1. We are of opinion that the appeal, so far as it relates to the question of limitation, has no force. Haidar Ali's suit, so far as it claimed pre-emption in respect of the sale of 14th December 1882, was properly instituted within a year after the sale, and the vendor and the vendees, necessary parties to such a suit, were duly impleaded.
2. The suit was governed by Article 10 of the Limitation Act, and was obviously within time. So far as the position of Durga, appellant, is concerned, it is true that he was impleaded as defendant to the suit after the lapse of one year from the date of the sale. But the claim against him is not of the nature contemplated by Article 10 of the Limitation Act. He was impleaded, not because he was a party to the sale in respect of which pre-emption was sought to be enforced, but because he had, by instituting a rival suit for pre-emption, rendered it necessary for the plaintiff Haidar Ali to pray in his suit for the declaration that he had a right of pre-emption preferential to that of the defendant Durga. Such a claim cannot be regarded as a claim for pre-emption, but a claim to establish a right to pre-empt the property in preference to a rival pre-emptor.

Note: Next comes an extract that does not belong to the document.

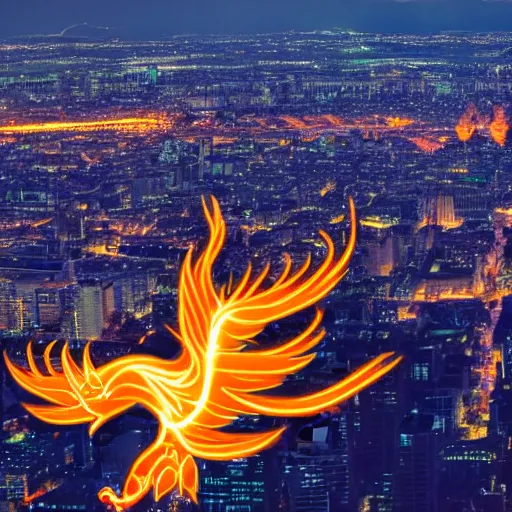 Prompt: Flaming Phoenix bird flying above a city at night. High quality.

In other words, the suit, so far as it relates to Durga, constituted a claim by one pre-emptor against another for determination of the question whether the plaintiff or the defendant had the better right to pre-empt the property. The claim was essentially declaratory in its nature, and there being no specific provision for such a claim in the Limitation Act, it was rightly held by the Lower Appellate Court to be governed by Article 120 of the Limitation Act,--the right to sue against Durga having accrued when the latter instituted his pre-emptive suit on the 4th of December 1883.
3. But we are of opinion that the third ground of appeal has force. The learned pleaders for the parties admit that the record of the case is complete, and that, although Haidar Ali respondent's suit was disposed of by the Court of First Instance on a preliminary point, yet that Court did not exclude any evidence offered by the parties. Such being the case, we are of opinion that Section 562 of the Civil Procedure Code was not applicable, and the order of the Lower Appellate Court remanding the case for a second decision was opposed to the express provisions of Section 564 of the Code. We must therefore, whilst upholding the view of the Lower Appellate Court on the question of limitation, set aside the order of that Court, and direct it to dispose of the case itself on the merits, with reference to the issues raised by the pleadings of the parties. This view renders it unnecessary for us to dispose of the last ground of appeal, which relates to costs.
4. We decree this appeal, and, setting aside the order of the Lower Appellate Court so far as it relates to the suit of Haidar Ali, plaintiff-respondent, remand the case to that Court for disposal according to law. Costs to follow the result.